Les ministres des Affaires étrangères de l’ASEAN réunis en urgence dimanche 30 mars en font reproche. Le chef de la diplomatie singapourienne a d’ailleurs pris soin de le faire savoir et avec une certaine solennité dans une courte déclaration vidéo dans laquelle il exprime également les gestes de solidarité de la Cité-Etat et de l’organisation régionale. L’expression de compassion de Vivian Balakrishnan sonne presque comme un ultime avertissement à la junte tant celle-ci est invitée à adopter rapidement un cessez-le-feu. Autrement dit, à suivre la voie ouverte par le NUG 24h plus tôt.
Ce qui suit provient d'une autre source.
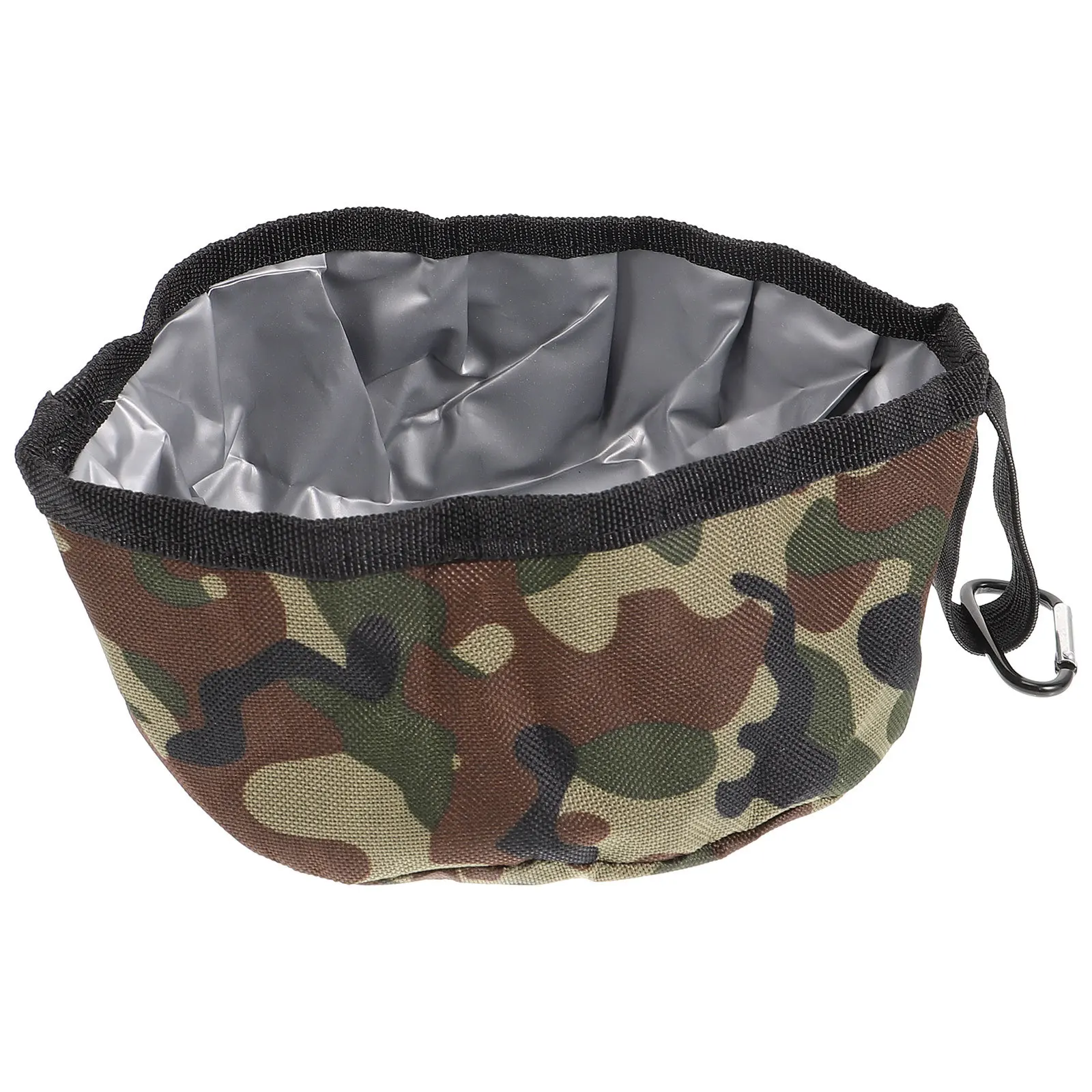 

Waterproof Pet Bowl Foldable Portable Dog Food Container for Outdoor Travel Oxford Cloth Pvea Material Quick Saving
L’attitude humaniste du gouvernement d’opposition est prise de fait en exemple
Dans son face-à-face communicationnel avec le régime des généraux putschistes, le NUG veut se montrer urbi et orbi le plus vertueux. Pour cela, il a fait savoir par la voie de son président par intérim, Duwa Lashi La, que les Forces de défense du peuple ont été instruites de se mettre en position strictement défensive. Un versement à hauteur d’un million de dollars a été fait à son administration des secours. Plus symbolique d’une approche politique conciliatrice, il a précisé que sous réserve de garanties de sécurité appropriées des personnels de santé en situation de désobéissance civile (CDM) pourraient même être envoyés dans des zones contrôlés par le SAC pour traiter les blessés.
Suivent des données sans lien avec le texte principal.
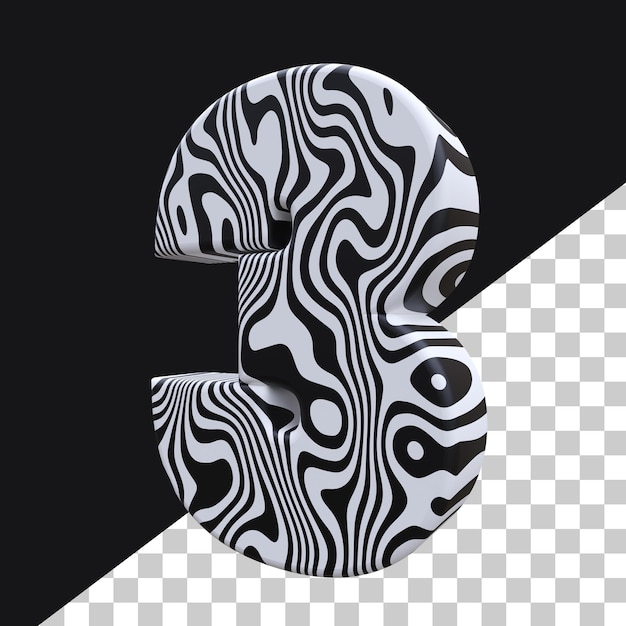 PSD 3d render numer 3 premium psd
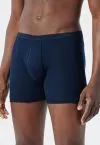 Hose kurz Schiesser Original Feinripp - navy – Ansicht 2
Quant à ses propres territoires, le NUG met en avant, images à l’appui, ses efforts. On voit ainsi ses personnels voire même des éléphants cornaqués par des soldats des Forces de défense du peuple rouvrir des axes routiers, des hommes en uniformes déblayer les gravas des bâtiments effondrés. Quant à l’assistance humanitaire, le NUG a proposé ses services aux agences des Nations unies, et suggéré d’acheminer les concours d’urgence via les zones frontalières contrôlées par les groupes ethniques armés alliés. Il est vrai que c’est de l’ordre du possible depuis la Thaïlande, le Bangladesh et peut être même depuis les Etats du nord-est de l’Inde (ex. Manipur, Mizoram).
L’Alliance des Trois Fraternités (Kokang, Rakhine, Ta’ang), présente en particulier dans l’État Shan, a déclaré qu’elle contribuerait aux efforts de secours et de reconstruction.
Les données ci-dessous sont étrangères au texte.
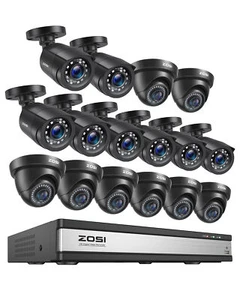 ZOSI H.265+ HD 1080p 16ch Home security camera system Night Vision 4TB CCTV DVR - Picture 1 of 16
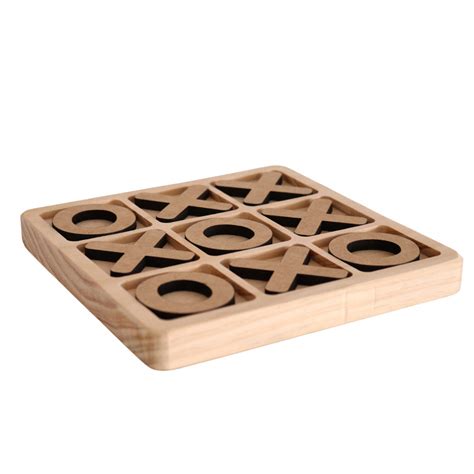 GAME2 Wooden Game - Knots and Crosses - Bali Trading Wholesale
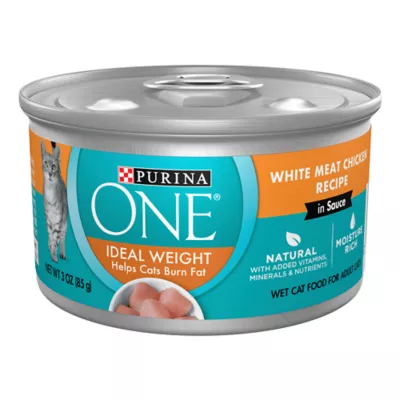 Product Purina ONE® +Plus Ideal Weight Adult Cat Wet Food - 3.33 oz., Natural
Ces gestes constituent autant d’actes de soutiens aux approches du NUG et pour tout dire à sa légitimité. La lettre de condoléances et de solidarité envoyée par le président timorais, Ramos Horta, au chef de l’exécutif par intérim du NUG s’inscrit dans cette même dynamique politique de soutiens.
Mais pour eux, comme pour bien des acteurs de bonne volonté, la logistique de l’aide va être un casse-tête politique, sécuritaire et matériel. Les infrastructures routières et aéroportuaires ont été fortement endommagées. Cela va non seulement ralentir les convois mais là où sont les populations dans le besoin renchérir l’acquisition des rares bien disponibles.
Avant même la catastrophe, l’inflation était un souci. L’accès aux médicaments était difficile et le pays manquait de matériaux de construction. Les dommages sont par ailleurs tout à fait considérables. Ils ont d’ores et déjà été évalués à plus d’un milliard d’euros. Des infrastructures majeures ont été mises à mal. Elles ne se relèveront pas de sitôt. Cela pèse jusqu’à Rangoun où l’électricité est délivrée au compte goutes plus que jamais (4h par jour au pic de la saison chaude), l’eau manquant en conséquence. Par ailleurs, les craintes d’une pénurie de carburant ont entraîné de longues files d’attente aux stations-service, avant même leur ouverture.
Les télécommunications mobiles et internet s’avèrent, elles, particulièrement instables. De nombreux relais ont été mis à bas. Mais en premier lieu, comme le réclame le Rapporteur spécial des Nations unies pour les droits de l’Homme en Birmanie Tom Andrews, la sécurité est primordiale. La junte doit à l’image du NUG proclamer immédiatement un cessez-le-feu et faire en sorte qu’il n’y est « aucune obstruction à délivrer l’aide là où c’est le plus nécessaire car chaque minute compte ».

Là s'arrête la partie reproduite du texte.